New FBAR Form and Instructions Fail to Clarify Applicability of Offshore Online Casino Accounts
Not that I expected them to.
In late February, FinCEN (Financial Crimes Enforcement Network) issued final regulations governing the Foreign Bank Account Reporting (FBAR) laws, effective March 28, 2011. These regulations do apply to the 2010 tax year. In order to incorporate the new regs, the Department of Treasury recently released the revised Form TD F 90-22.1, more commonly known as the FBAR.
On the FBAR form itself, Treasury states:
The estimated average burden with this collection of information is 20 minutes per respondent or record keeper, depending on individual circumstances.
Sure, maybe if you only consider the “easy” part of this process–actually filling out the form. The harder part is what must be done beforehand–determining whether one is even required to report an account.
I’ve written about the FBAR several times, but it can’t hurt to see the bottom line rule again:
If the total maximum balances of all foreign bank accounts of a U.S. person during the tax year exceed $10,000, then that person must file the FBAR by June 30 of the following tax year.

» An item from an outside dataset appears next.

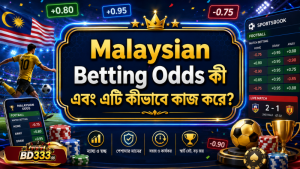 Malaysian odds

This rule hasn’t changed. What has changed, among other things, is the scope of reportable accounts. Fairly recently, I discussed in detail how a change in one provision seemed to exclude accounts with offshore online casinos. A commenter then pointed out another provision that he suggested could include such accounts. After careful thought (he raised a fair question), I didn’t change my position. But I was sure to note just that: It’s only my position.
The Treasury hasn’t commented on this issue as far as I know; it’s anybody’s guess whether one day they decide to. I was hoping the instructions would provide more guidance; that was wishful thinking.

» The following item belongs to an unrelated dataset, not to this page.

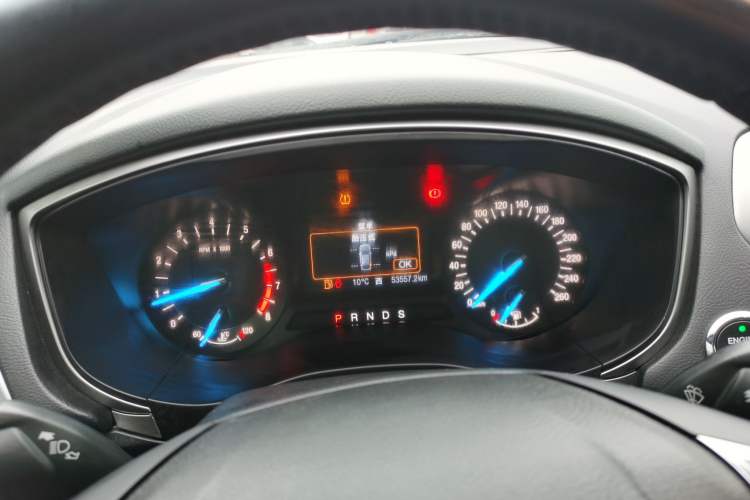 Used Ford Mondeo 2020 EcoBoost 180 Stylish Model Instrument Cluster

So we move on in a state of uncertainty. Consider these two points:
- It is possible Treasury could at some point view offshore online casino accounts as subject to FBAR disclosure, and
- It is becoming more and more likely the IRS will have access to the records of offshore online casinos if and when offshore online casinos bring their operations to U.S. soil.
Ultimately, I don’t see the downside to playing it safe and filing the FBAR (other than the supposed 20 minutes it takes to complete).
If you believe you should have filed the FBAR in past years and did not, consider participating in the FBAR Voluntary Disclosure Program. Be sure consult a tax professional to discuss all of your options, of course.